Neue Stimmrechtsregeln begünstigen Hedgefonds
Kommt es jedoch zum Kampf, haben Aktivisten durch neue Stimmrechtsregeln in den USA bessere Karten. Hatten Aktionäre zuvor lediglich die Wahl, für die gesamte Liste an Verwaltungsratsfavoriten eines Unternehmens oder die von einem Aktivisten vorgeschlagenen Direktoren zu votieren, tauchen nun alle Kandidaten auf einem Stimmzettel auf. Die Anteilseigner können über die „Universal Proxy Card“ also eine gemischte Auswahl treffen, was laut Experten die Wahrscheinlichkeit erhöht, dass Hedgefonds zumindest einzelne Sitze in Kontrollgremien ergattern.

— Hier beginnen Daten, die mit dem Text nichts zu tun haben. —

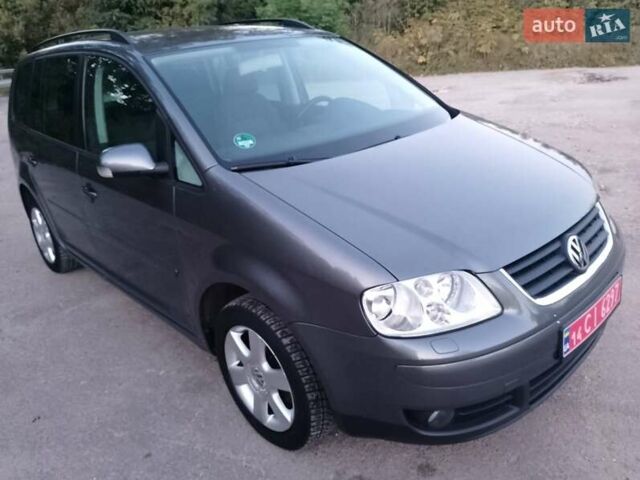 Серый Фольксваген Туран, объемом двигателя 1.6 л и пробегом 215 тыс. км за 5900 $, фото 26 на Automoto.ua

Nomura geht unterdessen davon aus, dass sich der subtilere Aktivismus weiter über jede große Industrie ausbreitet – auch international. „Da Private Funds auf einem hohen Berg an verfügbarem Kapital sitzen, sind sie in den vergangenen zehn bis 15 Jahren auch verstärkt mit Kampagnen in Europa und Asien aktiv“, merkt Rouner an. Laut Lazard haben die beiden Regionen 2023 am stärksten zum Anstieg der globalen Kampagnenzahl beigetragen. Und die Kanzlei Skadden Arps beobachtet einen neuen Fokus auf deutsche Ziele.
Mehr Übernahmeversuche
Rouner weist unterdessen auf eine zusätzliche Weiterentwicklung im Aktivistenkosmos hin: So begnügten sich einige Firmen nicht länger damit, als Minderheitsaktionäre Druck auszuüben, sondern fassten Übernahmen ins Auge. Das hat zuletzt die Kaufhauskette Macy's zu spüren bekommen, nachdem der Verwaltungsrat ein Angebot der Investmentgesellschaften Arkhouse und Brigade Capital abgelehnt hatte. „Noch stellt das einen recht kleinen Anteil der Aktivität dar, doch er wird wachsen“, prognostiziert Rouner. Die Schreckgespenster, die neben Corporate America zunehmend auch den internationalen Markt heimsuchen, gewinnen also an Gruselfaktor.